For any natural number $x$, prove that $$\sum_{y=x+1}^{2x}(\text{largest odd factor of y})=x^2.$$
Let $H(x) = (\text{largest odd factor of x})$. We can make two observations about this function:
Let $$F(x) = \sum_{y=x+1}^{2x}H(x).$$
$F(1) = 1 = 1^2$. By induction, if $F(x) = x^2$, then
\begin{align*} F(x+1) &= F(x) + H(2x+2) + H(2x+1) - H(x+1) \\&= F(x) + H(x+1) + (2x+1) - H(x+1) \\&= F(x) + 2x+1 \\&= x^2 + 2x + 1 \\&= (x+1)^2 \end{align*}
ffao posted his answer while I was writing this up.

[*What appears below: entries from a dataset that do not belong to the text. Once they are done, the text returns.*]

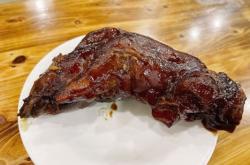 赤峰陽光家園面館電話號碼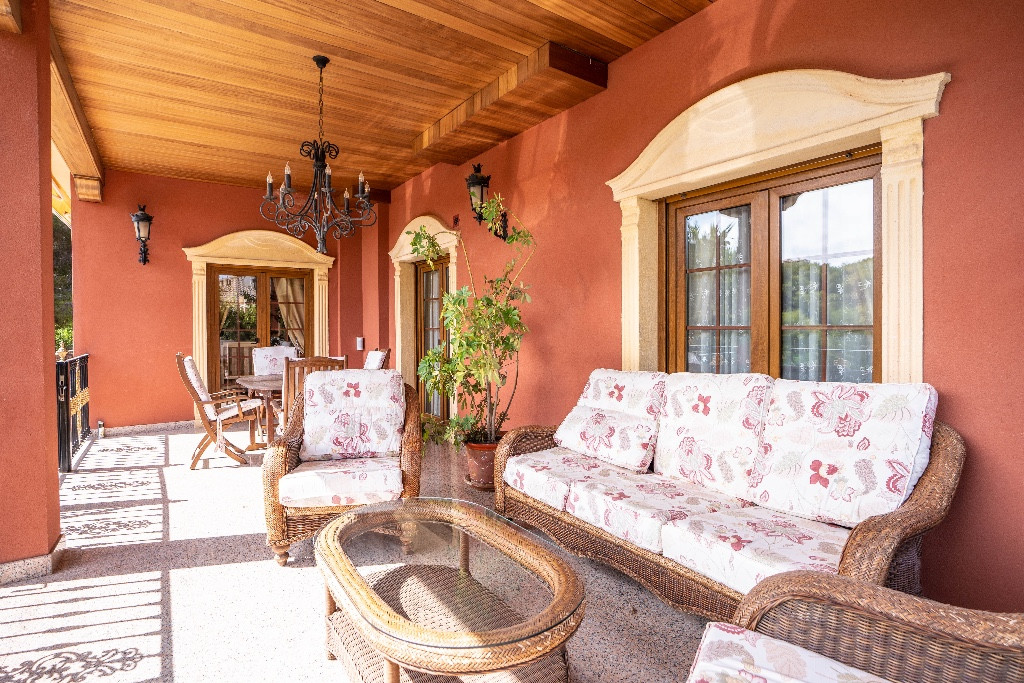 Property main view 49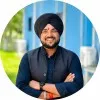 Raushan Rai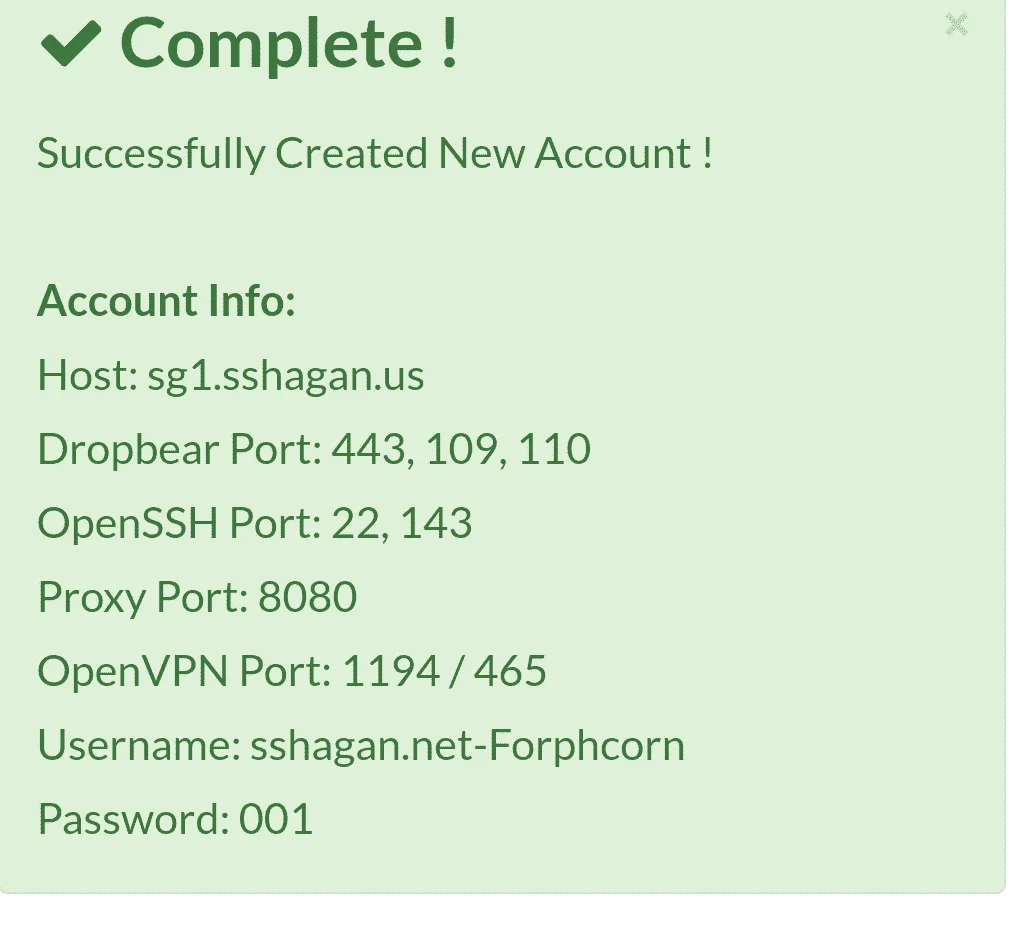 584379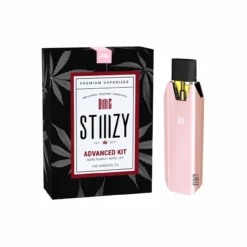 STIIIZY BIIIG 550mAh Vape Battery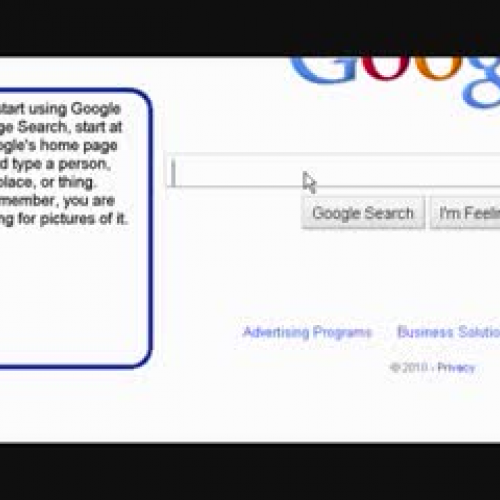 Wiebe, John How-To Guide Part 2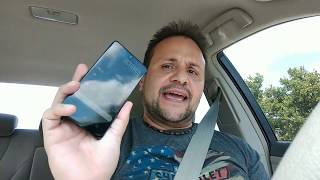 Essential Phone Camera Updates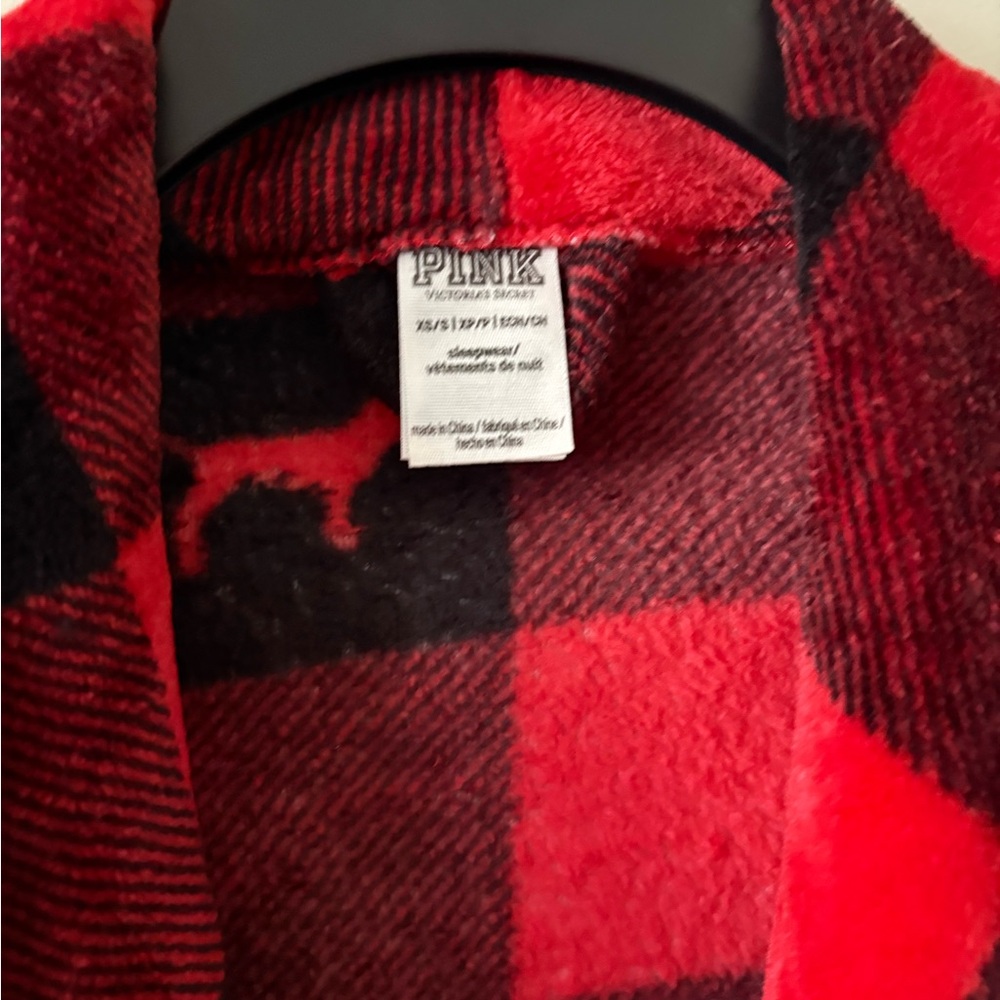 Victoria secret Robe - Picture 2 of 2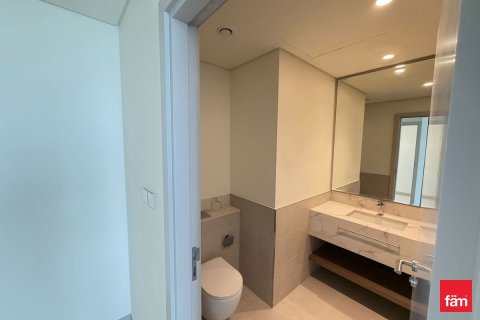 2 bedrooms Apartment in Dubai Harbour, UAE No. 163611 15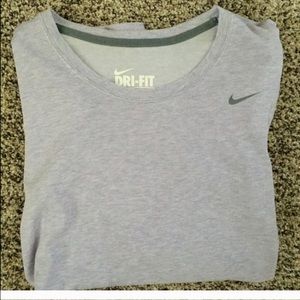 Bundle for @xinxin15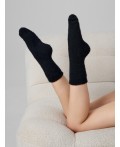 Носки черный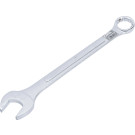 BGS Maul-Ringschlüssel SW 41 mm BGS Do it yourself 1185-41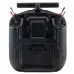 Пульт дистанционного управления RadioMaster TX16S MK3 MAX Red ELRS Gemini 2.4 ГГц / 900 МГц с сенсорным IPS экраном 5″, Hall-стиками AG02 и поддержкой до 16 каналов - Фото 8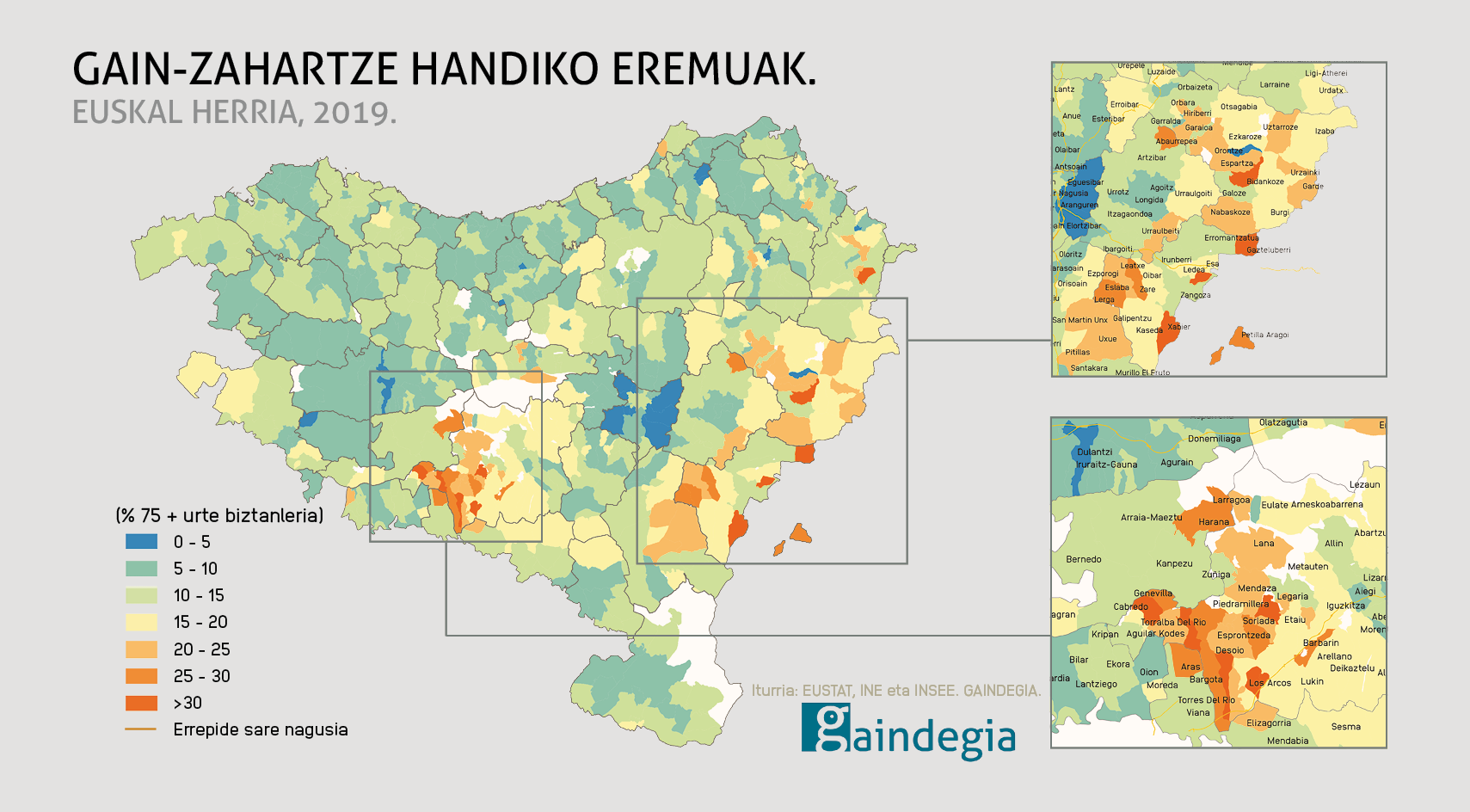 gain-zahartzearen-euskal-geografia-euskal herria- 2019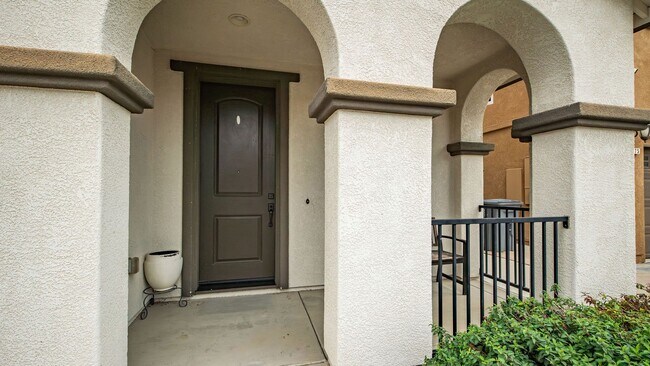 Foto del edificio - Beautiful 4 bedroom home in Dixon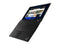 Lenovo ThinkPad P16s Gen 1 21CK005FUS 16" Mobile Workstation - WUXGA - 1920 x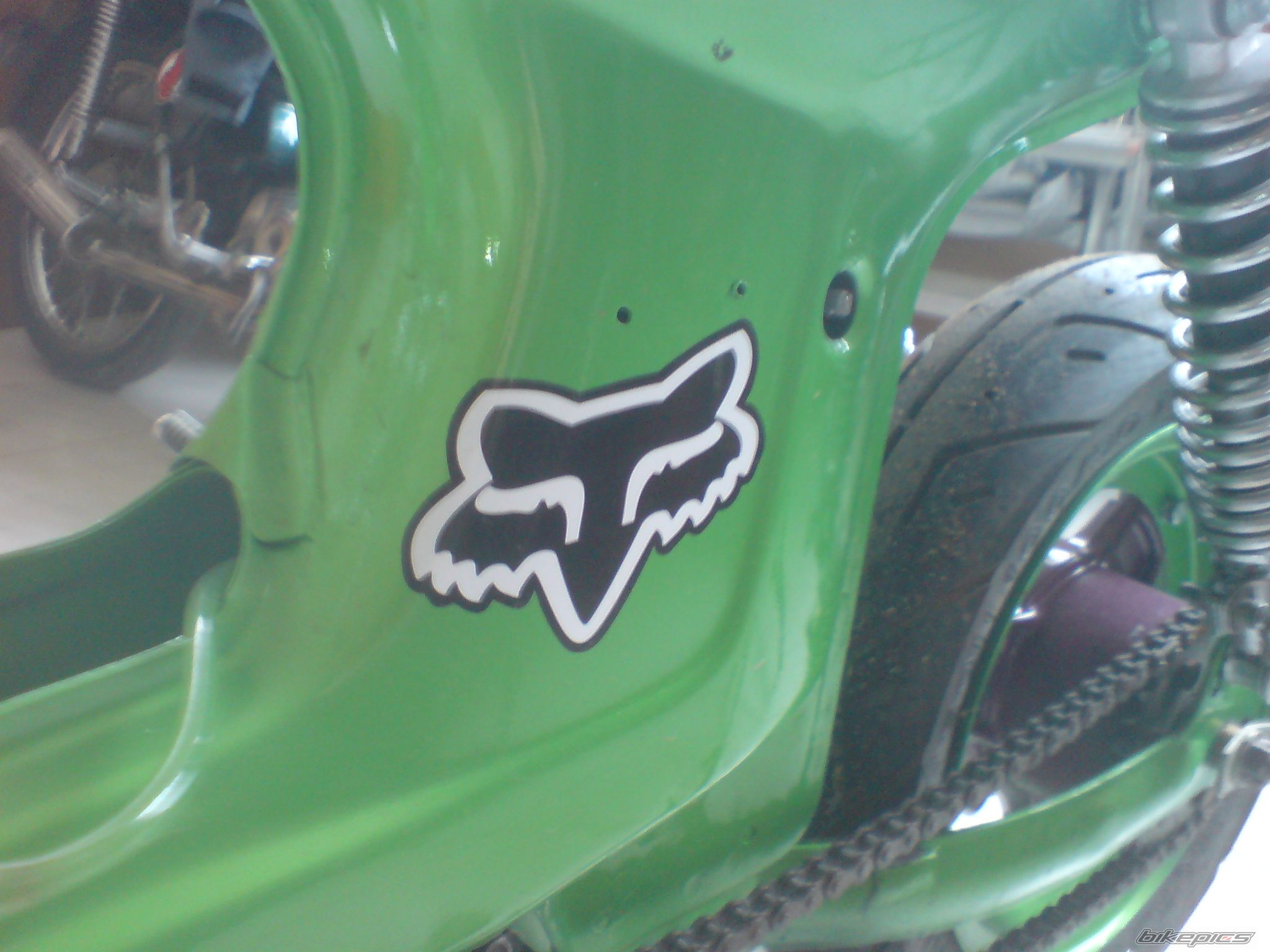 Photo 2007156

I like my solution better, though in some sense it's equivalent to ffao's, so I'm posting mine too. I will of course be entirely unoffended if Rand gives the mighty green checkmark to ffao, who after all got there first.
It is well known that
the sum of all odd numbers below $2x$ is equal to $x^2$. And there are $x$ of these, from $2\cdot1-1$ to $2x-1$.
So presumably the sum we have here,
which has the right number of terms and consists entirely of odd numbers, will simply be a permutation of this.
Well,
take any odd number $t$ between $1$ and $2x$ inclusive. Keep doubling it until the next doubling would go beyond $2x$. You will end up with a number from $x+1$ to $2x$ inclusive, and clearly each such number appears just once. And the largest odd divisor of this number will be exactly $t$. We're done.
Or, to put it a bit more formally (possibly harder to follow quickly but easier to convince yourself it's definitely correct):
let $A=\{\,y\,:\,x+1\leq y\leq2x\,\}$ and $B=\{\,z\,:1\leq z\leq2x\,\&\,z \textrm{ odd}\,\}$;
define $f:A\rightarrow B$ and $g:B\rightarrow A$ by
$f(y)=\textrm{largest odd divisor of $y$}$ and
$g(z)=\textrm{largest $2^kz$ that's $\leq2x$}$;
then $f,g$ are inverses and therefore our sum, which is $\sum_{y\in A}f(y)$,
equals $\sum_{z\in B}z$, which famously equals $x^2$.